* **DATA TO USE**:
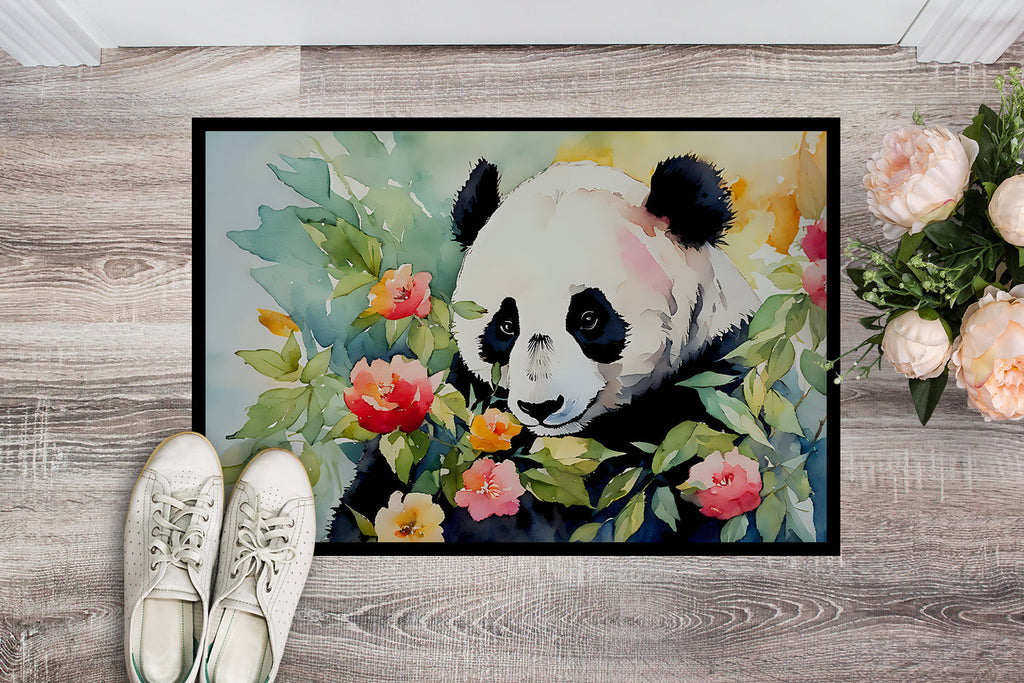 Panda Doormat Indoor Outdoor 24H X 36W Front Door Mat Rugs for Entryway, Non Slip Washable Low Pile,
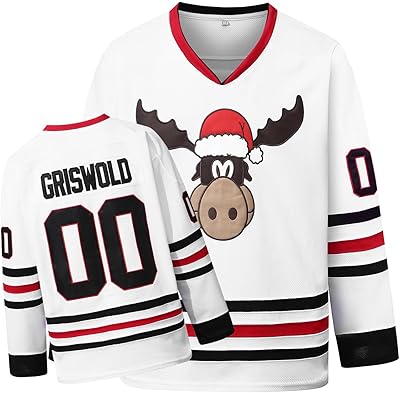 Griswold #00 Movie Christmas Hockey Jerseys Stitched Letters and Numbers S-L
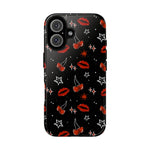 Cherry Lips Stars Phone Case, Cherry tough case Case, Cute Punk Phone Cover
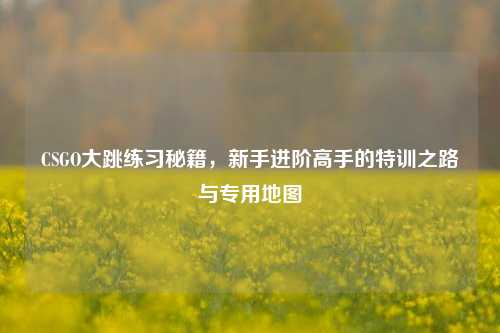 CSGO大跳练习秘籍，新手进阶高手的特训之路与专用地图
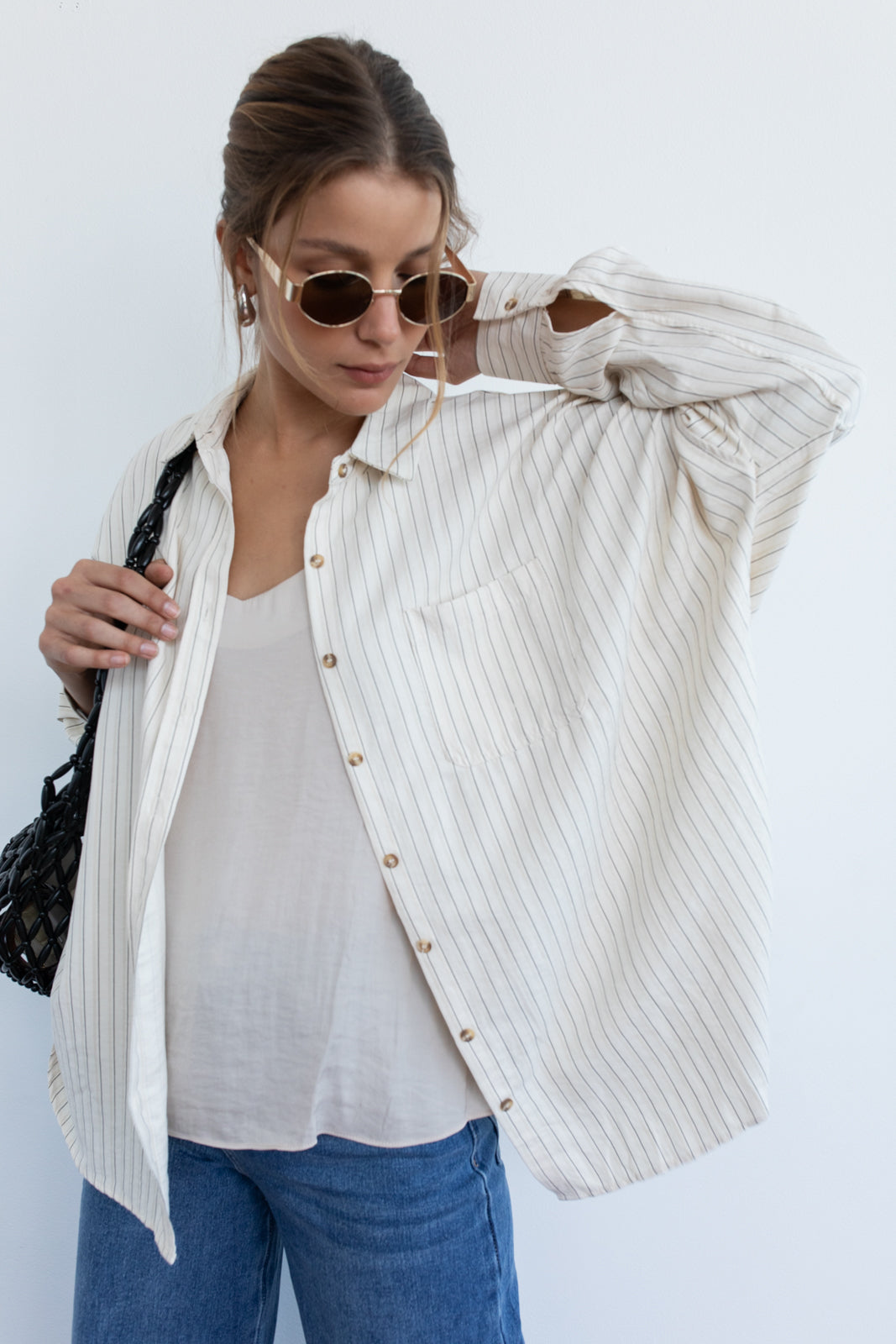 Camisa Marcela Beige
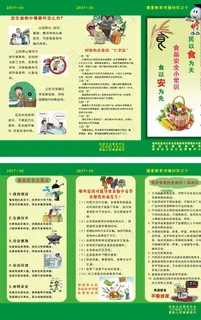 食品安全折页食物中毒图片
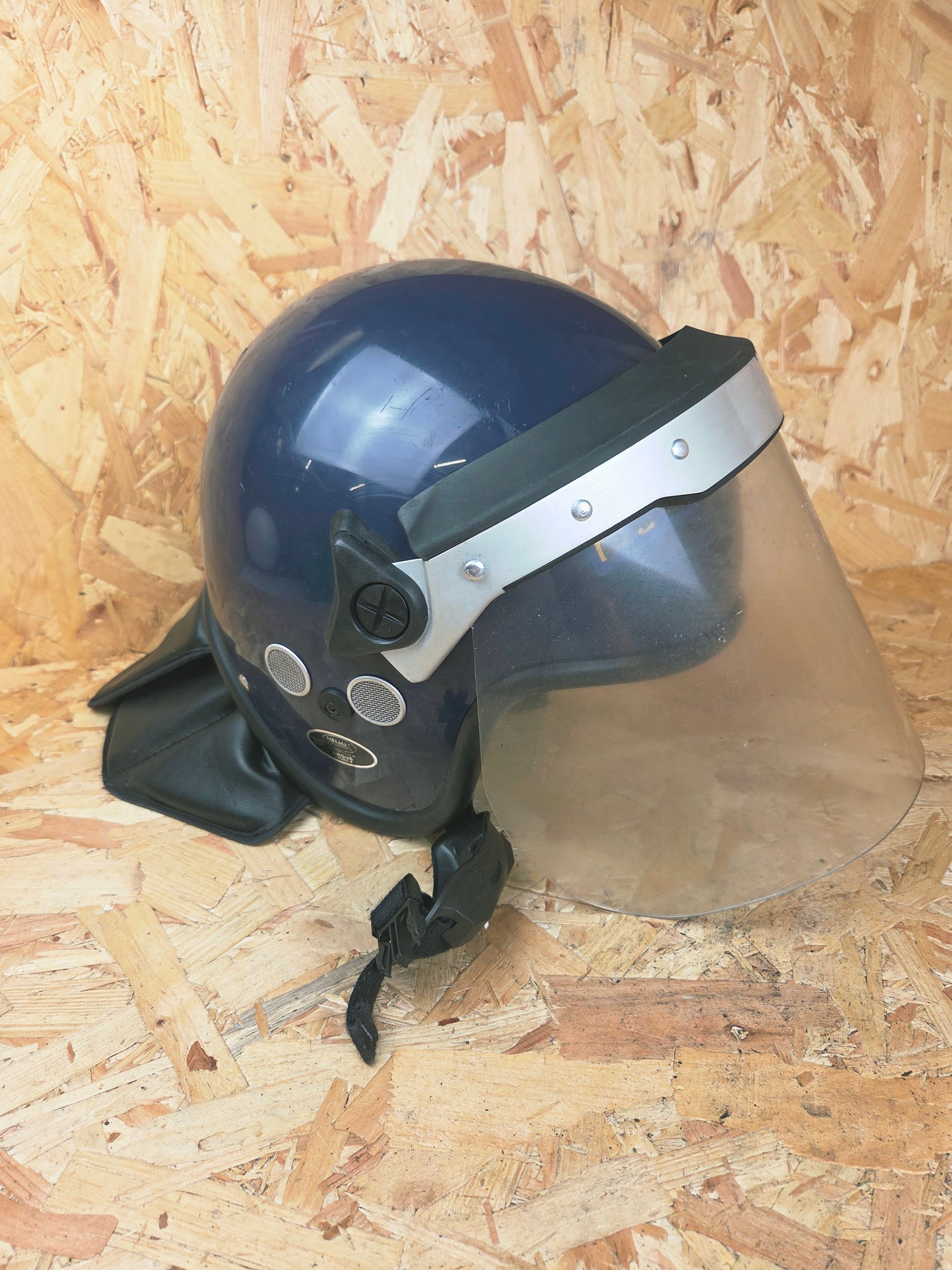 Genuine British Police Riot Helmet with Visor Public Order Safety Protection Airsoft Paintball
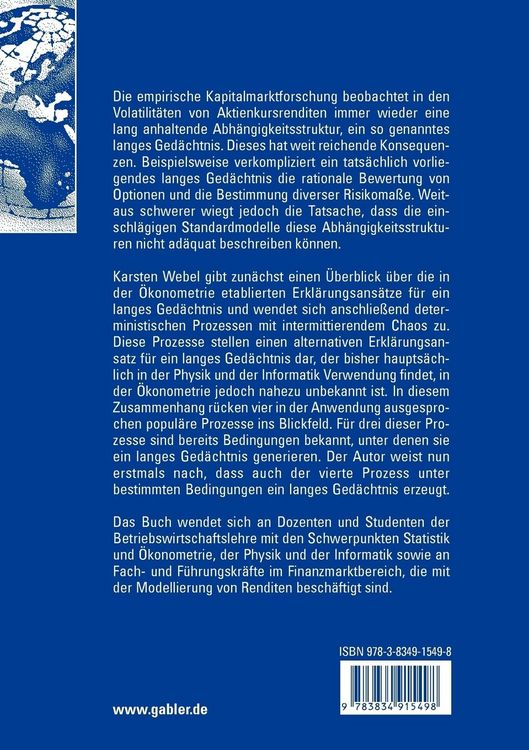 Produktbild: Intermittierendes deterministisches Chaos als m&ouml;gliche Erkl&auml;rung f&uuml;r ein langes Ged&auml;chtnis in Finanzmarktdaten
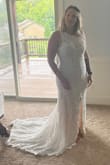 I bought this for my wedding and was a little scared purchasing a dress online. 
But when this dress came in I was so surprised it fit perfectly. The lace was so beautiful and was exactly what I was looking for. 
I'm getting married in Sept. 2 of this year and I am sure I will feel like a beautiful bride. - Stephanie C.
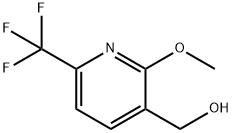 2-Methoxy-6-(trifluoromethyl)pyridine-3-methanol Struktur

* **YOUR OBJECTIVE**:
How many lines of the listing contain the word "beautiful"? Reply with only the number.

* **OUTPUT OF THE EXERCISE**:
2